> **Work required**
Could you please reproduce all the records below exactly, leaving out the images?

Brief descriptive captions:
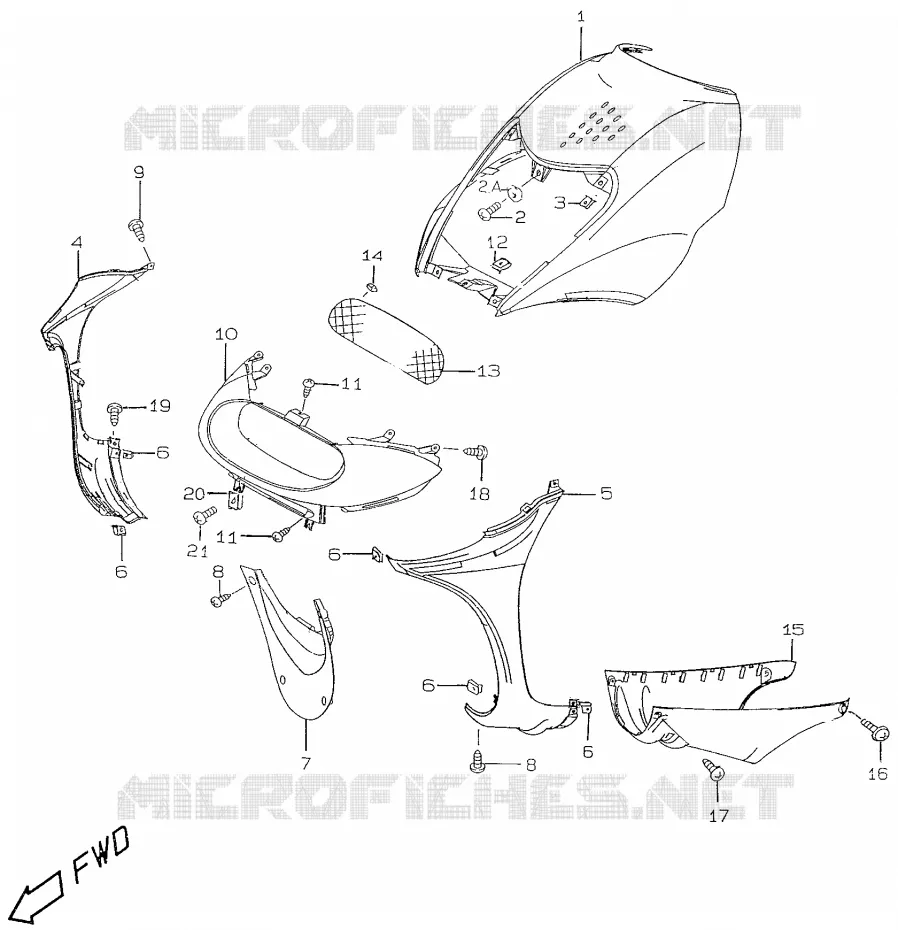 CARENAGES AVANT Suzuki SCOOTER 50 ZILLION 2000  UX50WY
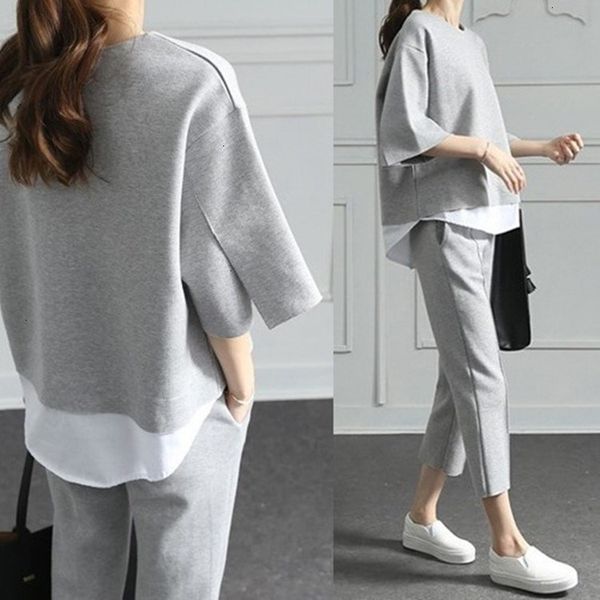

autumn 2019 casual low o neck fake two pieces 3 4 length pants two piece sets loose splits sleeve cotton suits, White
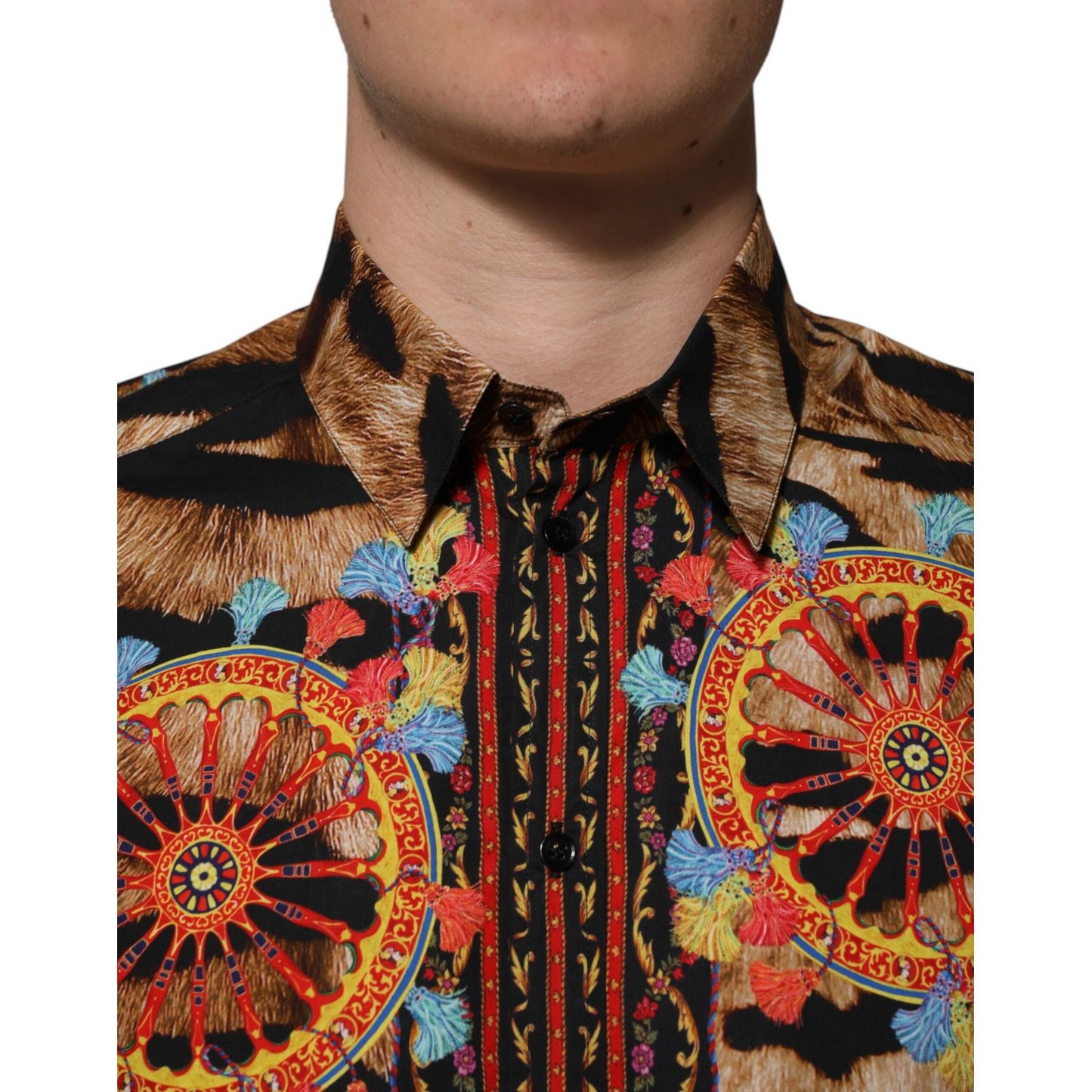 Dolce & Gabbana GOLD Cotton Tiger Carretto Long Sleeve Shirt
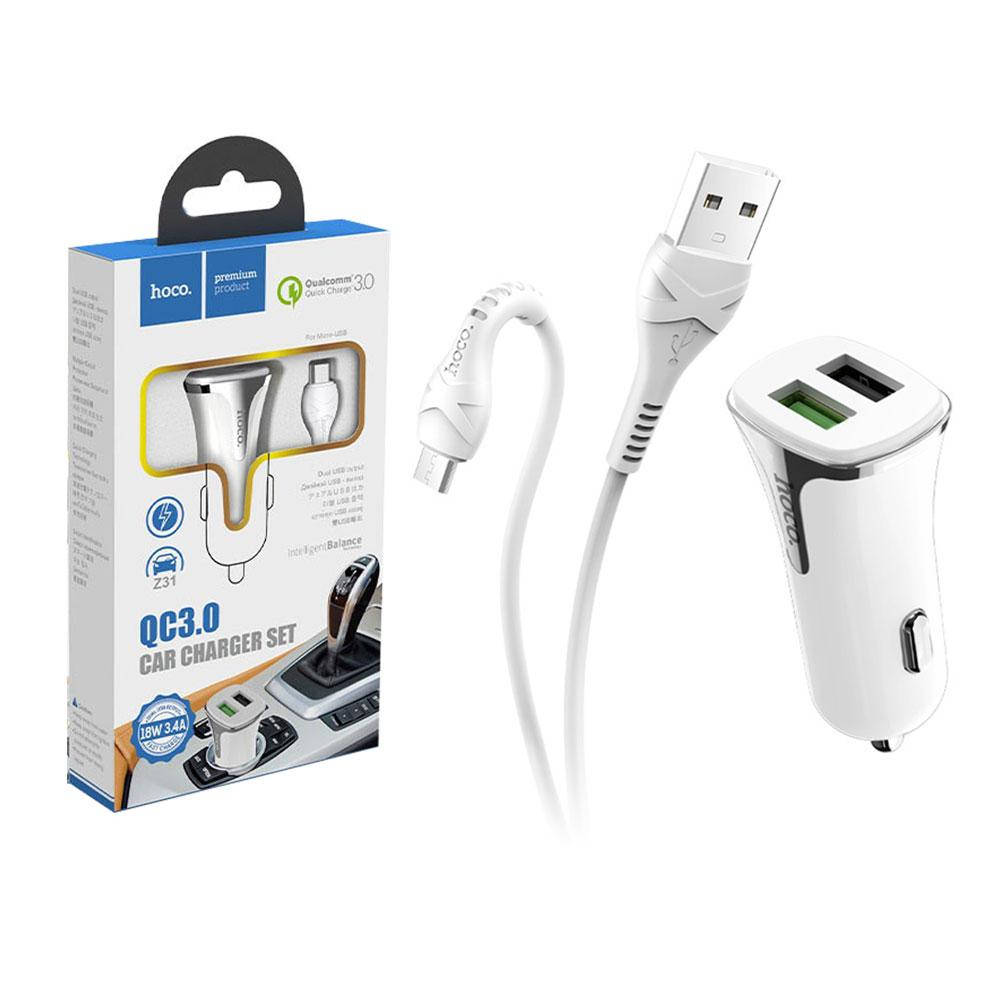 Автомобильное зарядное устройство Hoco Z31 Universe QC3.0 + кабель microUSB (3.4A), Белый
Автомобильное зарядное устройство Hoco Z31 Universe QC3.0 + кабель microUSB (3.4A), Белый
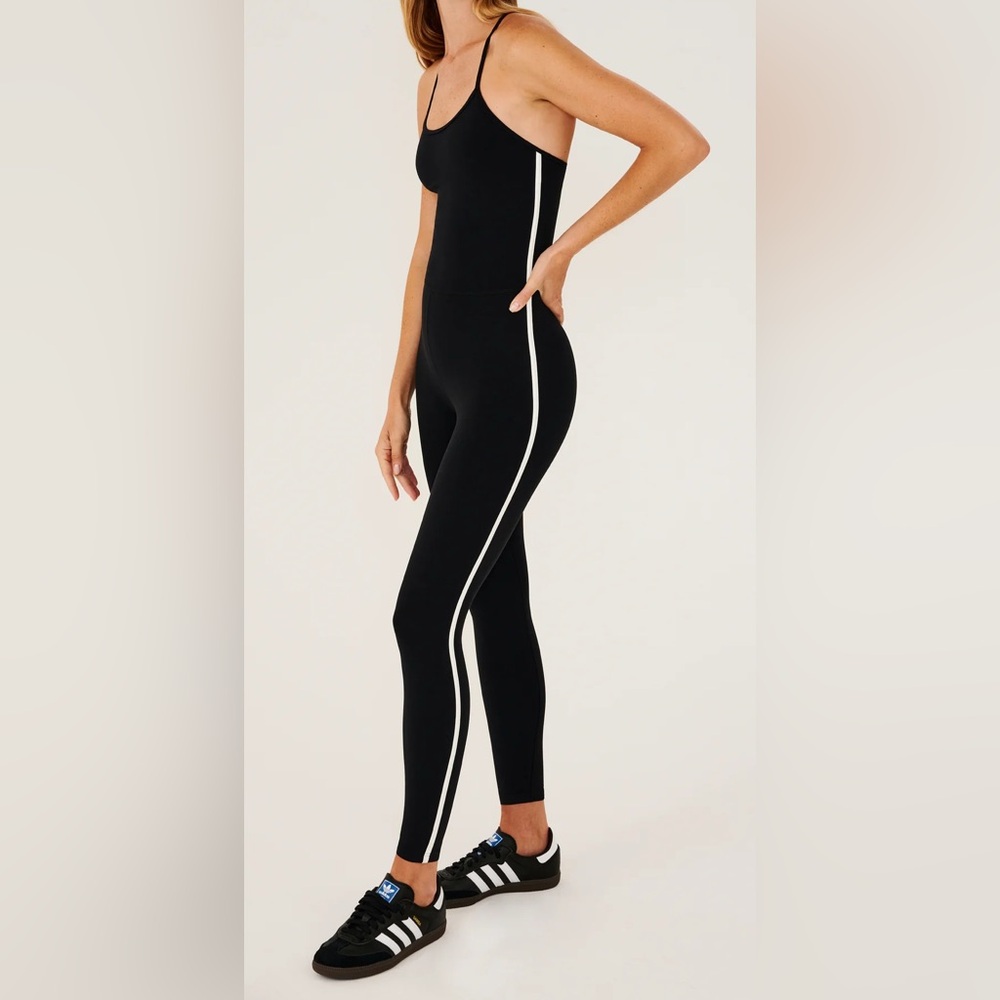 Splits59 Black Jumpsuit with White Side Stripe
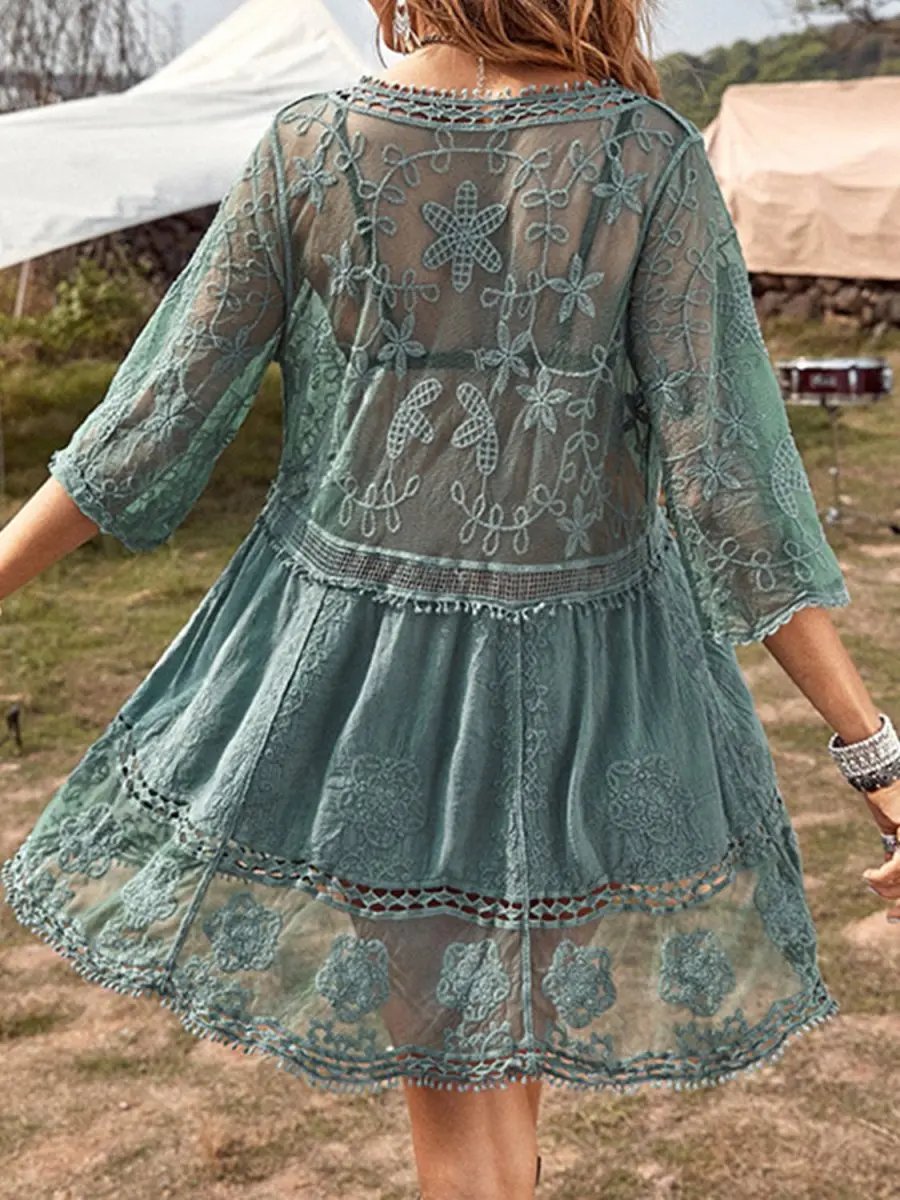 Lace Detail Plunge Cover-Up Dress for Stylish Beach Wear - Love Salve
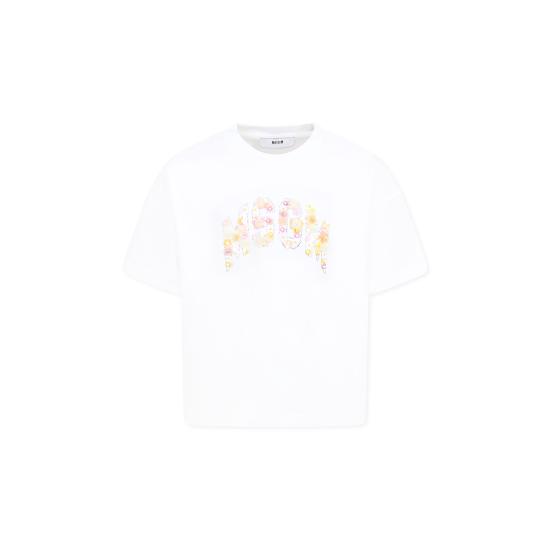 25SS [키즈] 엠에스지엠 티셔츠 S5MSJGTH105 001 WHITE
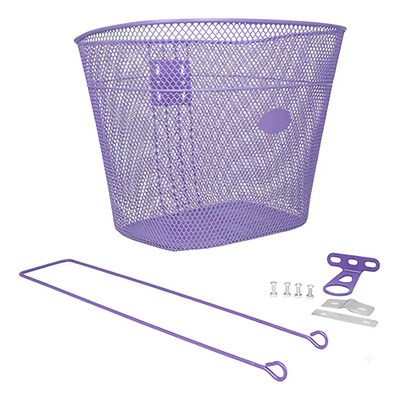 Canastilla Para Bicicleta Retro R26 Con Soporte Morada Índigo
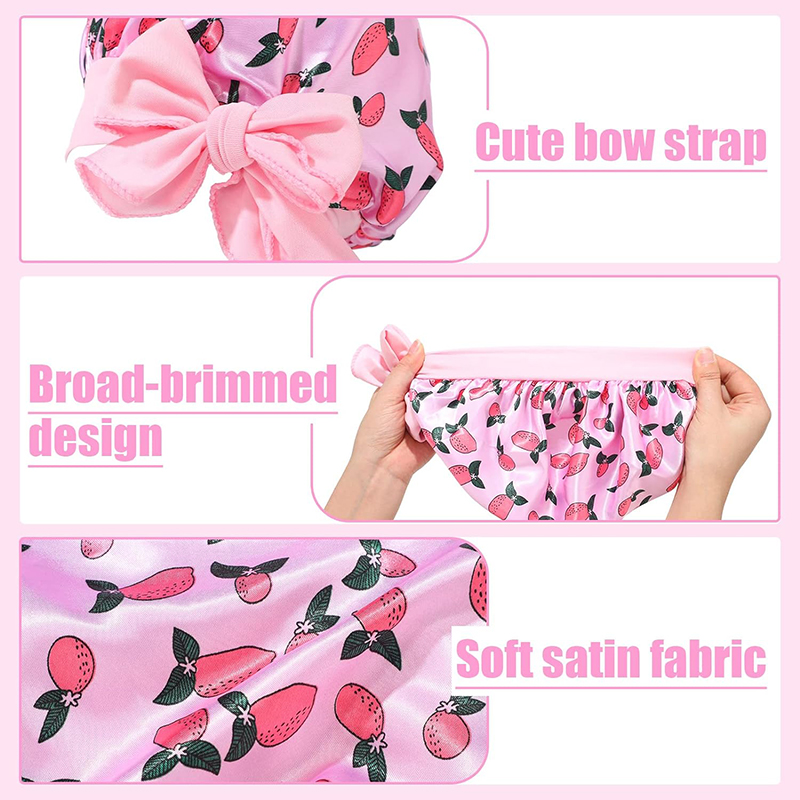 Bonnet élastique en Satin soyeux pour enfants, chapeau de couchage, Baotou, nœud mignon, soins capillaires, Bonnet de nuit, Turban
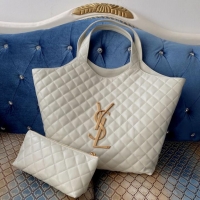 Well Crafted Yves Saint Laurent ICARE MAXI SHOPPING BAG IN QUILTED LAMBSKIN 698652 white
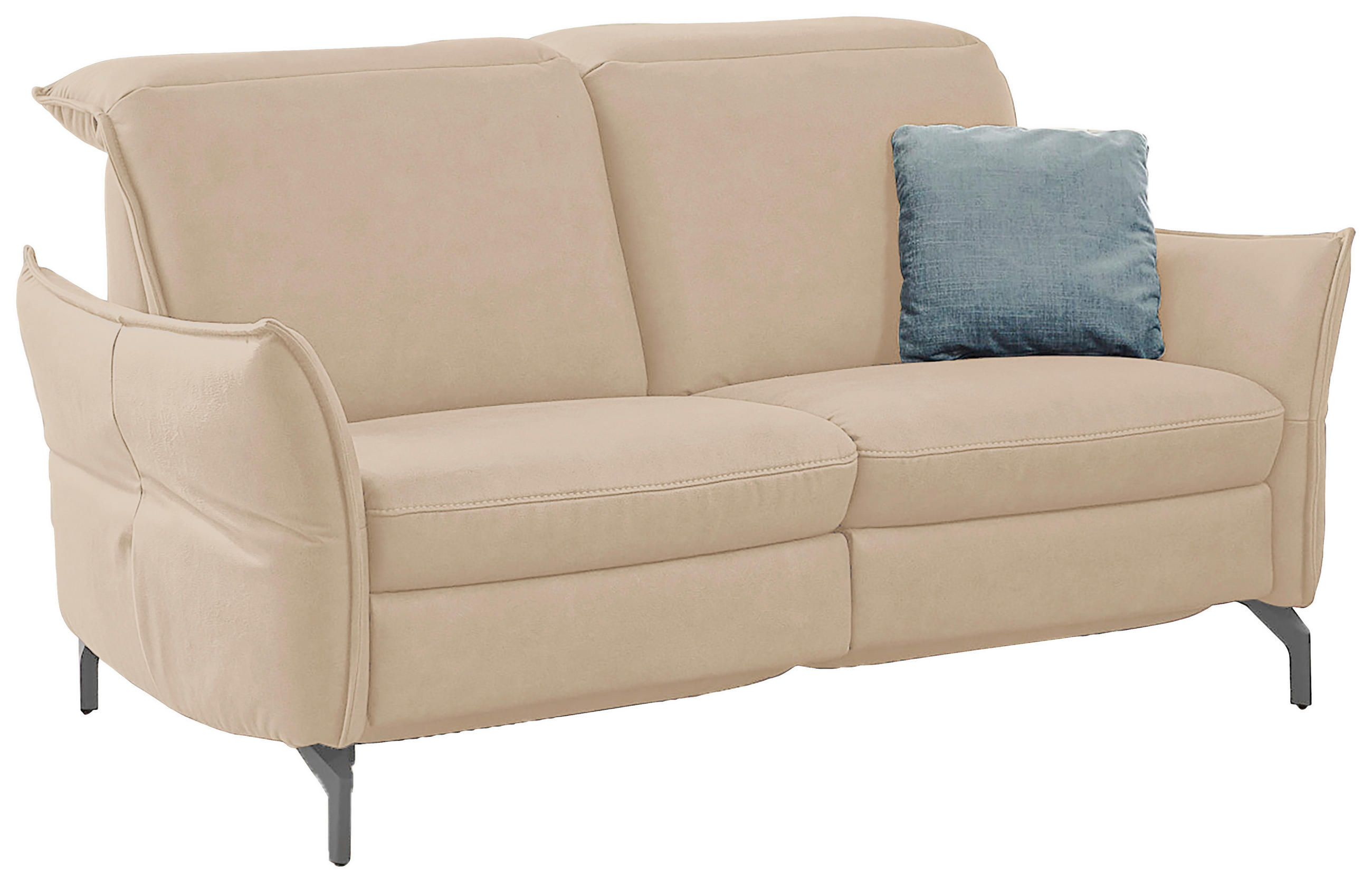 2-SITZER-SOFA Lederlook (vegan) Sandfarben  - Sandfarben/Nickelfarben, MODERN, Textil/Metall (154/89/109cm) - Livetastic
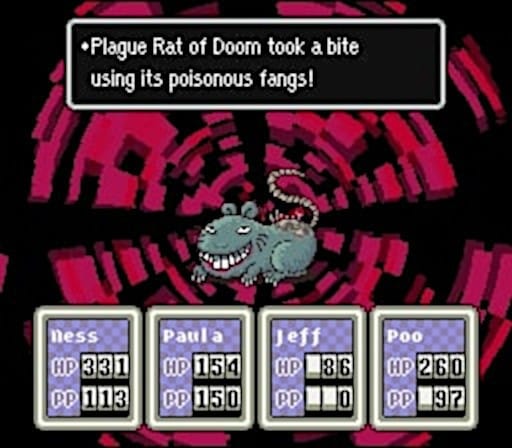 A shot of the combat system in EarthBound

> **Solved problem**
 CARENAGES AVANT Suzuki SCOOTER 50 ZILLION 2000  UX50WY

autumn 2019 casual low o neck fake two pieces 3 4 length pants two piece sets loose splits sleeve cotton suits, White
 Dolce & Gabbana GOLD Cotton Tiger Carretto Long Sleeve Shirt
 Автомобильное зарядное устройство Hoco Z31 Universe QC3.0 + кабель microUSB (3.4A), Белый
Автомобильное зарядное устройство Hoco Z31 Universe QC3.0 + кабель microUSB (3.4A), Белый
 Splits59 Black Jumpsuit with White Side Stripe
 Lace Detail Plunge Cover-Up Dress for Stylish Beach Wear - Love Salve
 25SS [키즈] 엠에스지엠 티셔츠 S5MSJGTH105 001 WHITE
 Canastilla Para Bicicleta Retro R26 Con Soporte Morada Índigo
 Bonnet élastique en Satin soyeux pour enfants, chapeau de couchage, Baotou, nœud mignon, soins capillaires, Bonnet de nuit, Turban
 Well Crafted Yves Saint Laurent ICARE MAXI SHOPPING BAG IN QUILTED LAMBSKIN 698652 white
 2-SITZER-SOFA Lederlook (vegan) Sandfarben  - Sandfarben/Nickelfarben, MODERN, Textil/Metall (154/89/109cm) - Livetastic
 A shot of the combat system in EarthBound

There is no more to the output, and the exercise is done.